[Captioned web image data]
------------------------------------------------

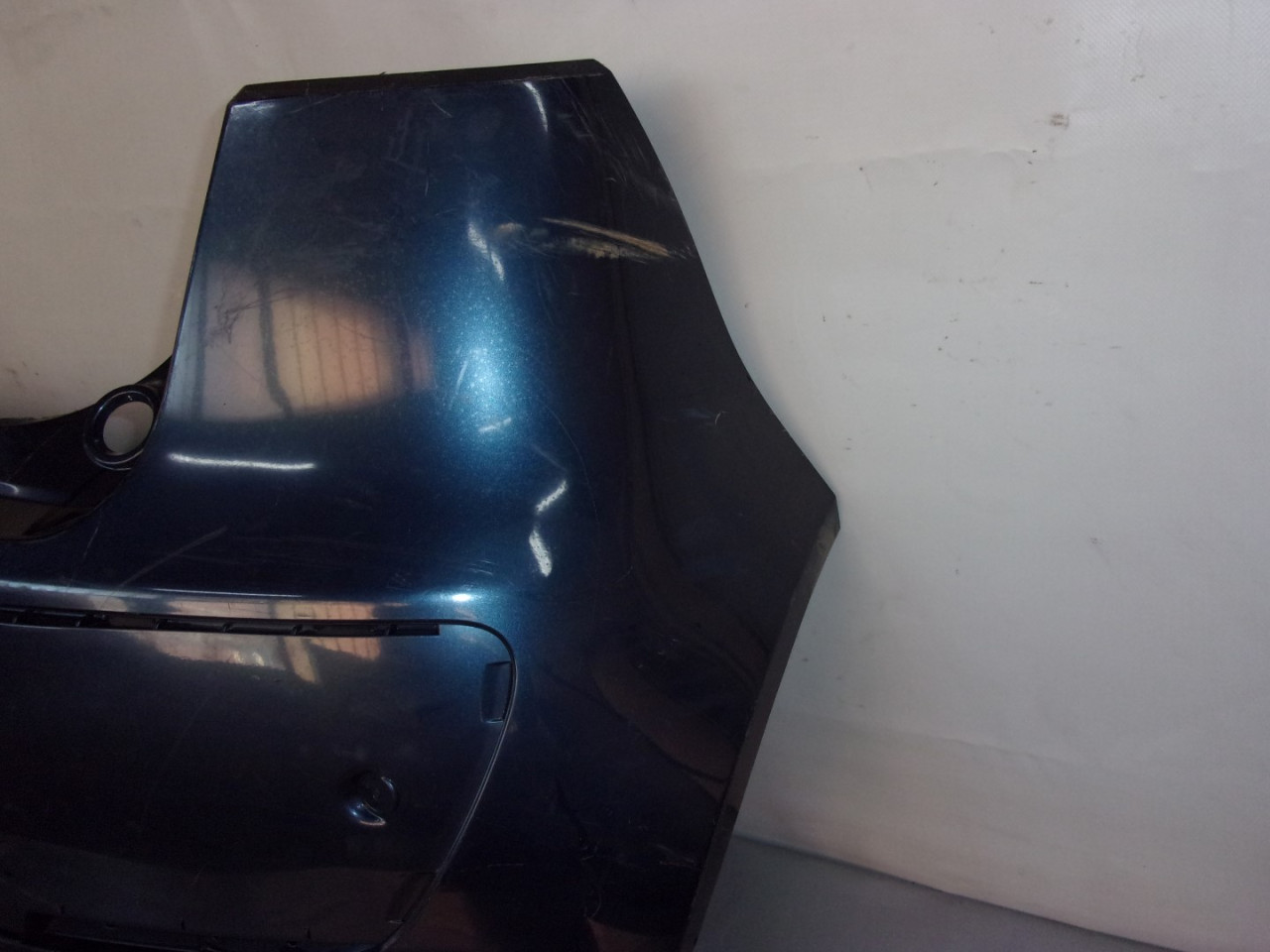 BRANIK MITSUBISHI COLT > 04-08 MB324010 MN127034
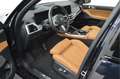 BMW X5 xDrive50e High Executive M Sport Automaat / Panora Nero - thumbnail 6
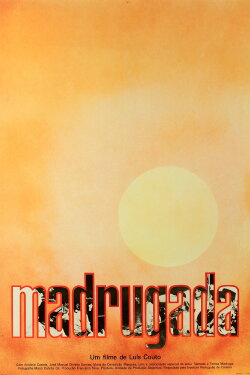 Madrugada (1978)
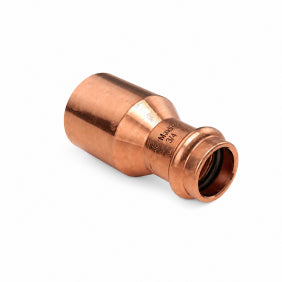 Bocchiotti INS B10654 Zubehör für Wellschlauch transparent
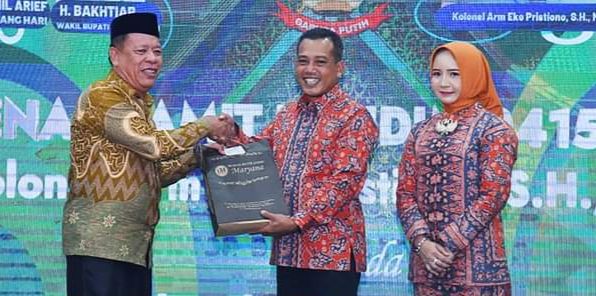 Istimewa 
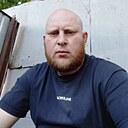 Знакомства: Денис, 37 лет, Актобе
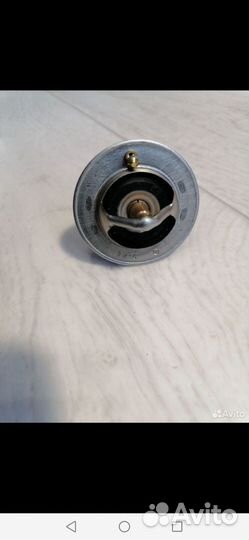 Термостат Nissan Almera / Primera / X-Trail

------------------------------------------------

== What needs to be done ==
Please retype only the lines from the line that holds "Madrugada (1978)" through the end of the records, exactly as they stand, and drop every picture.

== Written response ==
 Madrugada (1978)
 Bocchiotti INS B10654 Zubehör für Wellschlauch transparent
 Istimewa 
 Знакомства: Денис, 37 лет, Актобе
 Термостат Nissan Almera / Primera / X-Trail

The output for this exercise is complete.